In the event of a temporary downturn in production, the employer may second the employee in order not to disperse his professional skills
Supreme Court of Cassation, Employment Section, Order 17 September 2020, No 19413
The reason for sending an employee on secondment can also be of a non-economic or patrimonial nature in the strict sense of the word, but as a type of solidarity: what is important is that it does not result in a mere outsourcing of the work of others.
The case originates from an employee of a car manufacturing company that suffered a temporary downturn in production and with employees on furlough, who was seconded to a company manufacturing mechanical components for cars.
The seconder’s interest in the posting, caused by the temporary production crisis, was not to disperse the professional patrimony of the worker, but rather to increase the “individual functional versatility”.
At the end of the secondment, the worker filed a claim in Court, challenging the secondment as fraudulent and in any case in violation of the terms of Article 30 of Legislative Decree no. 276 of 2003, which requires the establishment of an employment relationship with the secondee company.
The Court of Appeal, overturing the decision of the court of first instance, rejected the worker’s claim on the grounds that the requirements of legitimacy of the posting, i.e. the interest of the seconder and the temporary nature of the secondment, existed.
The Court of Appeal acknowledged the interest of the seconder, caused by the well-documented temporary slump in production, not to disperse the professional assets of the company, i.e. it’s skilled workforce.
Furthermore, the Court pointed out that the secondment was also characterized by the requirement for it to be of a temporary nature.
The Supreme Court rejected the worker’s appeal and upheld the judgment of the Court of Appeal.
According to the Court of Cassation, in fact, the Court of Appeal “with adequate and correct reasoning, based on the examination of the documentation produced and the conduct of the parties, that the interest was actually that indicated: the increase in the individual professional versatility of the worker, in a context of temporary business crisis, while waiting for the production to recover, in order not to disperse the professional skills of each employee.

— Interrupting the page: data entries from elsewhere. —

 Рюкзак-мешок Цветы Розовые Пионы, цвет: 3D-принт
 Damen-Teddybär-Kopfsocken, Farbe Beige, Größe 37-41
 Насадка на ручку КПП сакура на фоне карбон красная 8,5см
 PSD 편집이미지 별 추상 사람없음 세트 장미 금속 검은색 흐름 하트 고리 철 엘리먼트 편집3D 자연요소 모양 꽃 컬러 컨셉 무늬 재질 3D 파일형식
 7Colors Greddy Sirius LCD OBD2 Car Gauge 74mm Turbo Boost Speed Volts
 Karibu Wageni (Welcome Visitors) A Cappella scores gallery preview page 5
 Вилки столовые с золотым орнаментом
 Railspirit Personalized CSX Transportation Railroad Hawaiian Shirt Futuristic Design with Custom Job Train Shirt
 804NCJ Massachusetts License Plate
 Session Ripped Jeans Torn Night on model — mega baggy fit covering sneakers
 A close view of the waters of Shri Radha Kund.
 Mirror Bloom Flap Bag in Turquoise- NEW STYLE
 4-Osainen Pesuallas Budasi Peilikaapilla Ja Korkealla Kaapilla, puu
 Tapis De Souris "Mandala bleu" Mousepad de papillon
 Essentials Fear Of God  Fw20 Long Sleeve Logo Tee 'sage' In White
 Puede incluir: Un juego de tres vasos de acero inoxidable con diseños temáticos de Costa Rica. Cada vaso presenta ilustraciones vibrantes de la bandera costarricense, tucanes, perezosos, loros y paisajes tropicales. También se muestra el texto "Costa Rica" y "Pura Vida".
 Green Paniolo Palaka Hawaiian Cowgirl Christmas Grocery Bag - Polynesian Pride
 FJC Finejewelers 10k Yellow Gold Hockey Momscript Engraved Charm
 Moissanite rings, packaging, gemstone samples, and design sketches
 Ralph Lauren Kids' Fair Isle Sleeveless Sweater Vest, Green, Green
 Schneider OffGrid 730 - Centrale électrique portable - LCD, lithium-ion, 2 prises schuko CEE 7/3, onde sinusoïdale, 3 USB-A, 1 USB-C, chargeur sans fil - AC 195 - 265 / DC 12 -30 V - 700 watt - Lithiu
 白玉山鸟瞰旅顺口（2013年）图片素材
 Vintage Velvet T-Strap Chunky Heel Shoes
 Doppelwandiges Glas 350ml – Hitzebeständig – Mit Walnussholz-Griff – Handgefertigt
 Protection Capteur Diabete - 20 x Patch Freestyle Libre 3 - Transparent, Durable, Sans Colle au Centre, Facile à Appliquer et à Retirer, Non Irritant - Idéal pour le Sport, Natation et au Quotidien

The same Court commented that the worker himself had implicitly endorsed the truth of this intent by not opposing the secondment at the time”.
In this regard, the tasks assigned to the worker during the secondment, which were different from those performed in his usual job “can be a measure of the increase in the worker’s skills”, so much so that he went on to apply for jobs at a higher level.
The Supreme Court judges, in upholding the decision of the Appeal. Court went on to say that “the interest in the posting may also be of a non-economic or patrimonial nature in the strict sense, but a type of a solidarity: the important thing is that it does not result in outsourcing the work of others”.
With reference to the requirement of temporariness, which must exist for the entire duration of the posting, the Supreme Court rejected the worker’s grievances highlighting how “it becomes irrelevant the argument put forward by the applicant, namely that the crisis had ended earlier (6.1. 2010) than the posting, because the interest, as specified above, has been identified in the increase of professional versatility, although in a situation of temporary business crisis and, therefore, the brief period of time between the end of the crisis and the end of the posting itself was justified”.
Finally, from the point of view of the possible consequences of sanctions, the Supreme Court of Cassation considered as correct the assumption according to which “the case provided for by Article 30, paragraph 3D.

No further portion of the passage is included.